In this assignment you will use tools to automatically create high-coverage test suites for different programs.
You may work with a partner for this assignment. If you do you must use the same partner for all sub-components of this assignment.
Professors often exhort students to start assignments early. Many students wait until the night before and then complete the assignments anyway. Students thus learn to ignore "start early" suggestions. This is not that sort of suggestion.
However, once running, the tools are completely automated. Thus, you can start them running overnight, sleep and ignore them, and wake up to results. (Unfortunately, there is no way to resume an interrupted EvoSuite session without restarting it from the beginning, so be careful about laptop power and the like.)
This means that even though the assignment may not take hours of your active personal attention, you must start it days before the due date to be able to complete it in time.
It is your responsibility to download, compile, and run the subject programs and associated tools. Getting the code to work is part of the assignment. You can post on the forum for help and compare notes bemoaning various architectures (e.g., windows vs. mac vs. linux, etc.). Ultimately, however, it is your responsibility to read the documentation for these programs and utilities and use some elbow grease to make them work.
There are two subject programs for this assignment. The programs vary in language, desired test type, and associated tooling.

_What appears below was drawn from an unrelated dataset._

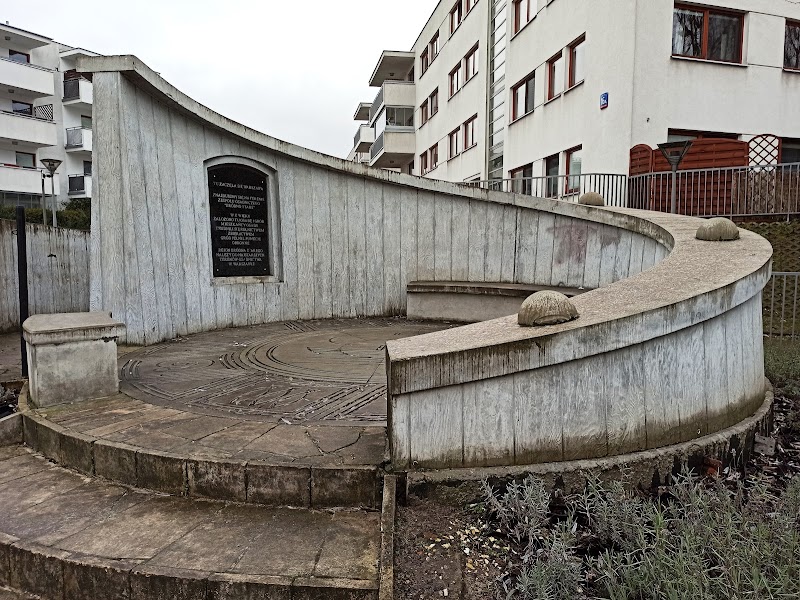 Pomnik: Tu zaczęła się Warszawa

The first subject program is libpng's pngtest program, unchanged from Homework 1. This reuse has two advantages. First, since you are already familiar with the program, it should not take long to get started. Second, you will be able to compare the test cases produced by the black-box tool to the white-box test cases you made manually.
The associated test input generation tool is American Fuzzy Lop, version 2.52b. A mirror copy of the AFL tarball is here, but you should visit the project webpage for documentation. As the (punny? bunny?) name suggests, it is a fuzz testing tool.

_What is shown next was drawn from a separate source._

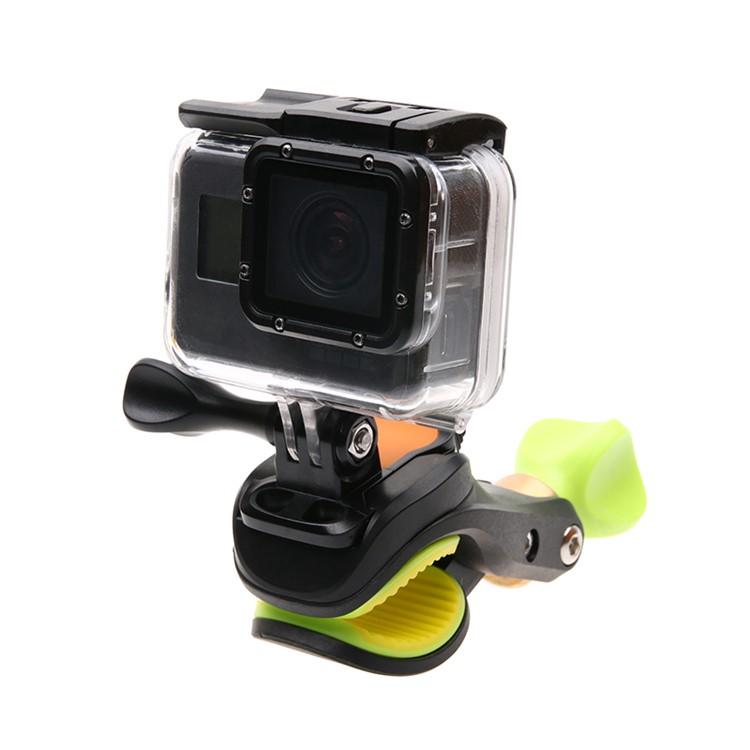 AT713 Metal Bicycle Bike Handlebar Bracket Mount for Gopro Hero 4/3+/3/2/1/SJ4000/SJ5000/SJ6000/Xiaomi Yi/Hero 5/Hero 6-12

You will use AFL to create a test suite of png images to exercise the pngtest program, starting from all of the png images provided with the original tarball. Note that you can terminate AFL as soon as you reach 510 paths_total — AFL does not stop on its own.
AFL claims that one of its key advantages is ease of use. Just follow along with their quick start guide. Extract the AFL tarball and run "make". Then change back to the libpng directory and re-compile libpng with a configure line like:
$ CC=/REPLACE/THIS/TEXT/WITH/YOUR/PARTICULAR/PATH/TO/afl-gcc/(don't_just_copy_this_in_unchanged) ./configure --disable-shared CFLAGS="-static"

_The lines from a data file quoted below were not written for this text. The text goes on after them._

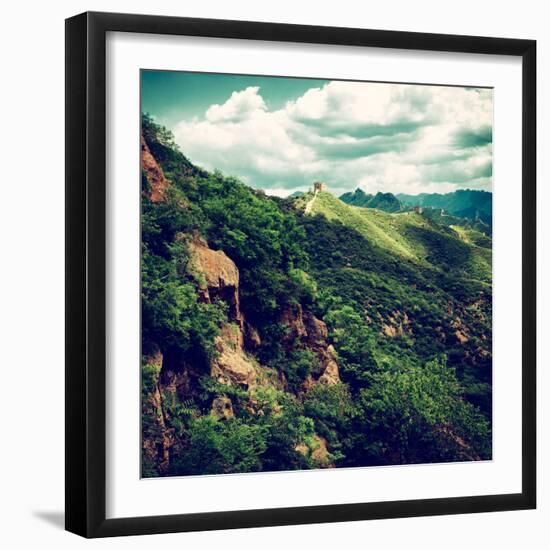 China 10MKm2 Collection - Great Wall of China-Philippe Hugonnard-Framed Photographic Print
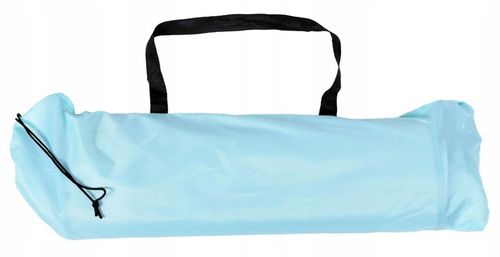 LEŻAK SKŁADANY DO TORBY OLEK PLAŻOWY LEKKI TURYSTYCZNY OGRODOWY Z POKROWCEM na Arena.pl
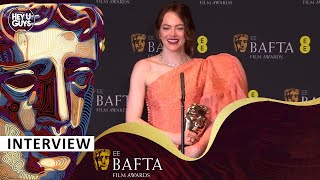 Emma Stone - Poor Things - Leading Actress Winner Room - BAFTA 2024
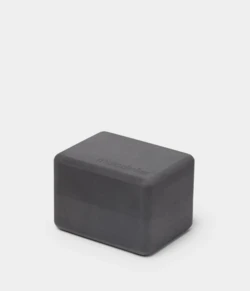 Manduka Recycled Foam Mini Yogablok, Thunder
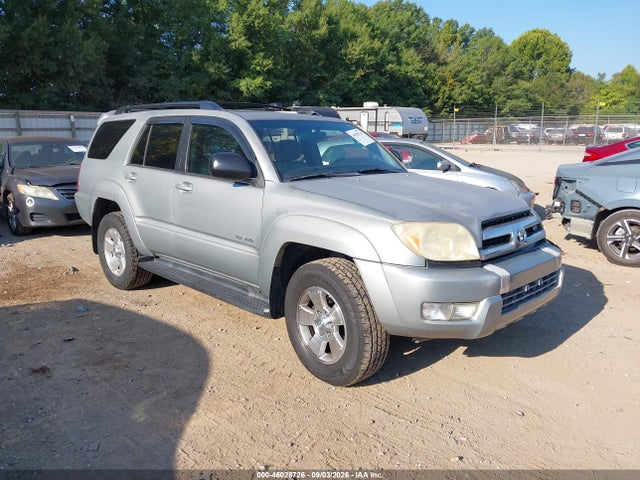 2005 TOYOTA 4RUNNER SR5 V8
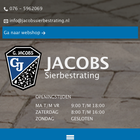 Jacobs Sierbestrating आइकन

Note that you are not using "coverage" or gcov for this homework assignment. I recommend re-extracting the libpng tarball into a new, separate directory just to make sure that you are not mistakenly leaving around any gcov-instrumented files. We only want AFL instrumentation for this assignment.
After that I recommend making a new subdirectory and copying pngtest and all of the test images (including those in subdirectories) to it. You can either seed AFL with all of the default images or with all of your manually-created test images (from HW1); both are full-credit options. Move those images into a further "testcase_dir" subdirectory and then run something like:
$ /REPLACE/THIS/TEXT/WITH/YOUR/path/to/afl-fuzz -i testcase_dir -o findings_dir -- /path/to/pngtest_(not_.c_nor_.png_but_the_executable_you_built) @@
Note that findings_dir is a new folder you make up: afl-fuzz will puts its results there.
Note that you must stop afl-fuzz yourself, otherwise it will run forever — it does not stop on its own. Read the Report instructions below for information on the stopping condition and knowing "when you are done".
Note also that you can resume afl-fuzz if it is interrupted or stopped in the middle (you don't "lose your work"). When you try to re-run it, it will give you a helpful message like:
To resume the old session, put '-' as the input directory in the command line ('-i -') and try again.Just follow its directions.
Note that afl-fuzz will likely abort the first few times you run it and ask you to change some system settings (e.g., echo core | sudo tee /proc/sys/kernel/core_pattern, echo core >/proc/sys/kernel/core_pattern etc.). For example, on Ubuntu systems it often asks twice. Just become root and execute the commands. Note that sudo may not work for some of the commands (e.g., sudo echo core >/proc/sys/kernel/core_pattern will fail because bash will do the > redirection before running sudo so you will not yet have permissions, etc.) — so just become root (e.g., sudo sh) and then execute the commands in a root shell.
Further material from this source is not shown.